SSH Security Settings
Overview
The SSH Security Settings in Motadata AIOps allow administrators to explicitly control the cryptographic algorithms used by the system for SSH communication. This feature provides visibility and configuration control over SSH Ciphers, Key Exchange (KEX) algorithms, Host Keys, and HMACs used during SSH negotiation.
With SSH Security Settings, administrators can enable or disable supported algorithms individually to align with security hardening standards and compliance requirements.
These settings apply to SSH access and SCP/SFTP services (where applicable).
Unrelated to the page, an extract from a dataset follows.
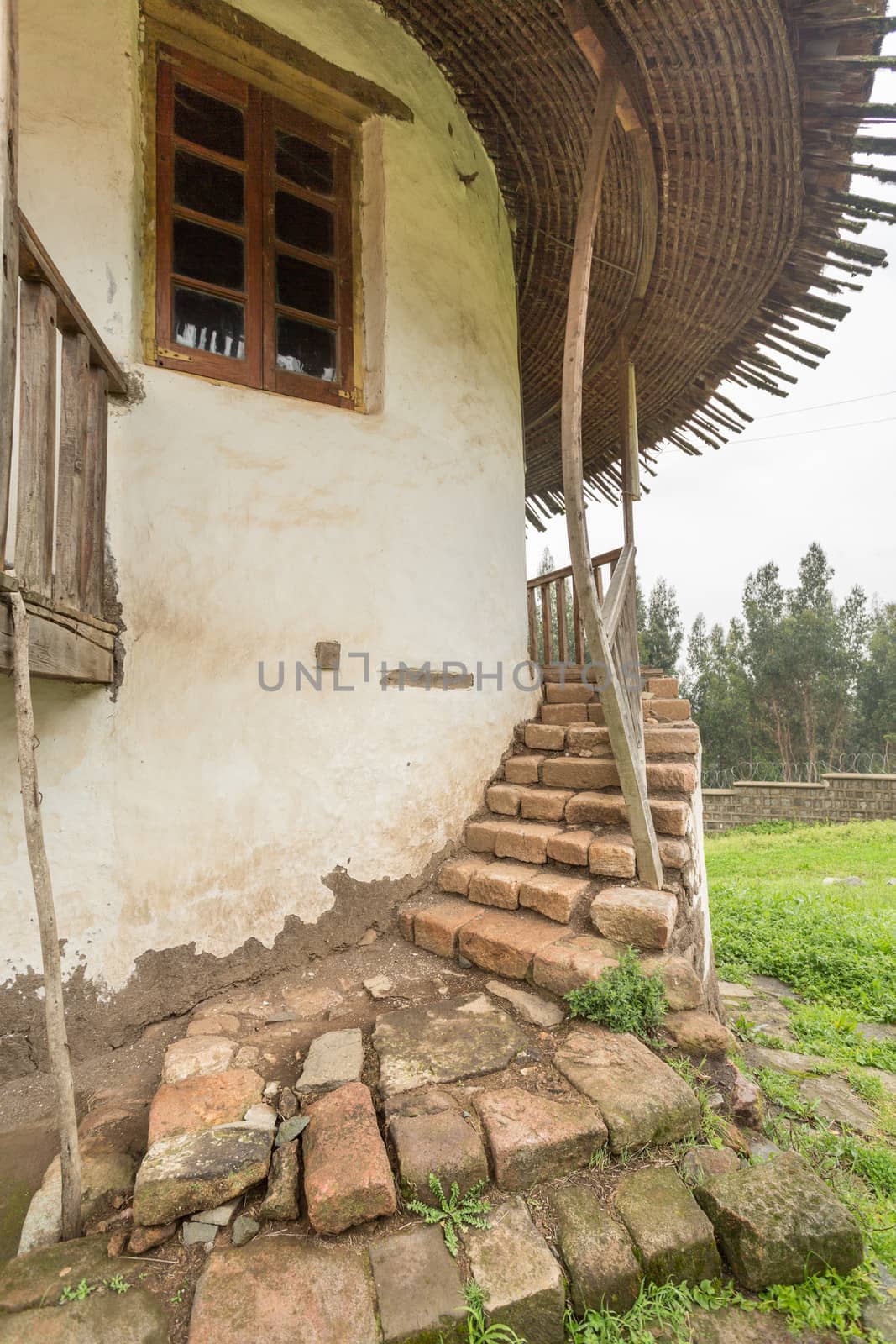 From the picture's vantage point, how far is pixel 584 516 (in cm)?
269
A server restart is required for changes to take effect.
Navigation
Go to Menu, select Settings 
. Then, under System Settings, select SSH Security Settings.
The SSH Security Settings screen is displayed.
SSH Security Settings Screen
The SSH Security Settings screen allows you to manage supported cryptographic algorithms under four categories:
- Allowed Key Exchanges
- Allowed Host Keys
- Allowed Ciphers
- Allowed HMACs
Each category provides a selectable list with:
- Multi-select checkboxes
- Security classification labels: Secure, Legacy, and Weak
- Search support
The screen includes the following sections:
| Section | Description |
|---|---|
| Allowed Key Exchanges | Choose how NCCM and devices securely agree on encryption keys. If a key exchange method is not selected, communication with devices using that method may fail. |
| Allowed Host Keys | Choose how NCCM and devices securely verify the SSH server identity. If a host key algorithm is not selected, connections to devices using that algorithm may fail. |
| Allowed Ciphers | Choose which encryption methods NCCM can use to talk to your devices. If a cipher is not selected, NCCM won't be able to communicate with devices that rely on it.bg-neutral-darkest rounded. |
| Allowed HMACs | Choose how message integrity is verified between NCCM and devices. If an HMAC is not selected, NCCM may not be able to securely communicate with those devices. |
| Reset | Reverts changes made on the screen before saving. |
| Save | Saves the selected configuration. A restart warning is displayed before applying changes. |
Algorithm Classification
Each algorithm is categorized based on security strength:
- Secure – Recommended modern cryptographic algorithms.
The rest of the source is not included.